Regional and Corporate Expenses. Regional and corporate expenses decreased $1.8 million from $19.8 million during the six months ended June 30, 2008 to $18.0 million in the current year period. This decline reflects reduced governmental affairs and public education expenditures during 2009 compared to 2008. During 2008, the industry undertook ballot initiatives in Arizona and Ohio in an effort to stabilize the regulatory environment with respect to providing short-term loans to customers in those states.

Interest and Other Expenses. Interest expense totaled $1.9 million during the six months ended June 30, 2009 compared to interest expense of $2.2 million during the six months ended June 30, 2008. The lower level of interest expense reflects lower average debt balances and interest rates during the six months ended June 30, 2009.

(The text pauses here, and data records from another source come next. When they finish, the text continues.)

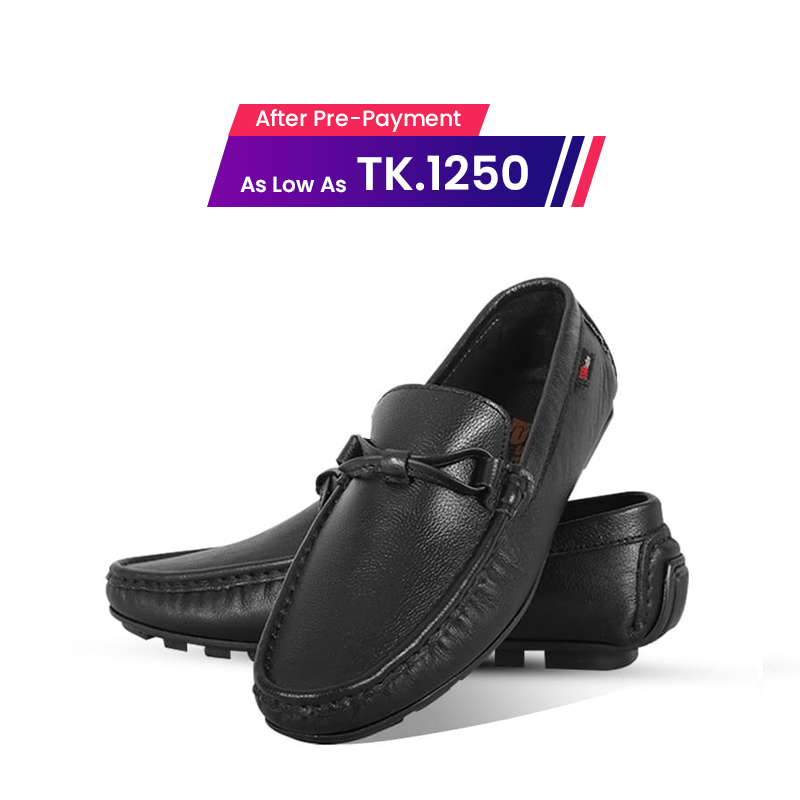 Leather Loafer For Men SB-S117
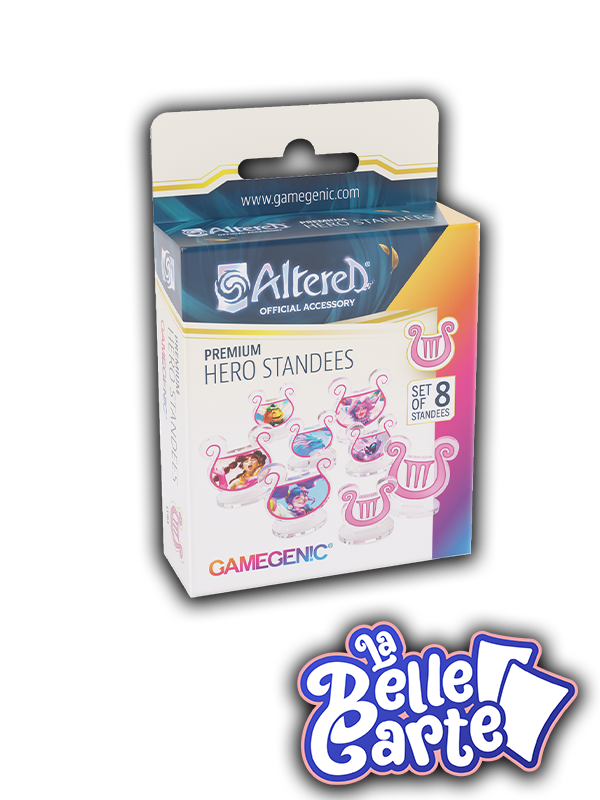 GG : ALTERED : HERO STANDEES : LYRA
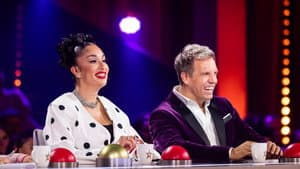 Second Audition Show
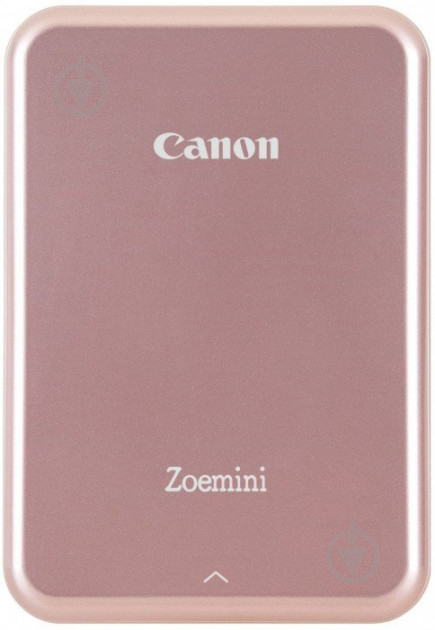 Портативний принтер Canon Zoemini PV123 Rose (3204C004) - фото 1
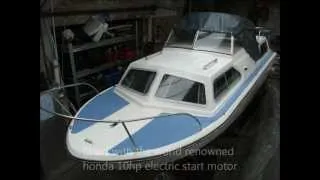 avocet norman conquest cruiser.wmv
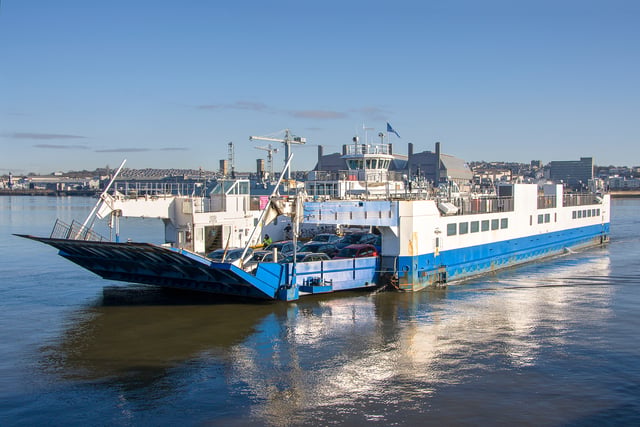 Ferry users voice anger after toilets closed on Torpoint ferries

Income Tax Provision. The effective income tax rate for the six months ended June 30, 2009 was 38.6% compared to 39.1% for the six months ended June 30, 2008. The decline is primarily due to certain expenses for government affairs during 2008 that were not deductible for income tax purposes.

Discontinued Operations. During first half of 2009, we closed 29 of our lower performing branches in various states (which included 24 branches reported as discontinued operations and five branches that were consolidated into nearby branches). In accordance with GAAP, we recorded approximately $1.4 million in pre-tax charges during the six months ended June 30, 2009 associated with the closings reported as discontinued operations. The charges included an $810,000 loss for the disposition of fixed assets, $596,000 for lease terminations and other related occupancy costs, $15,000 in severance and benefit costs and $10,000 for other costs.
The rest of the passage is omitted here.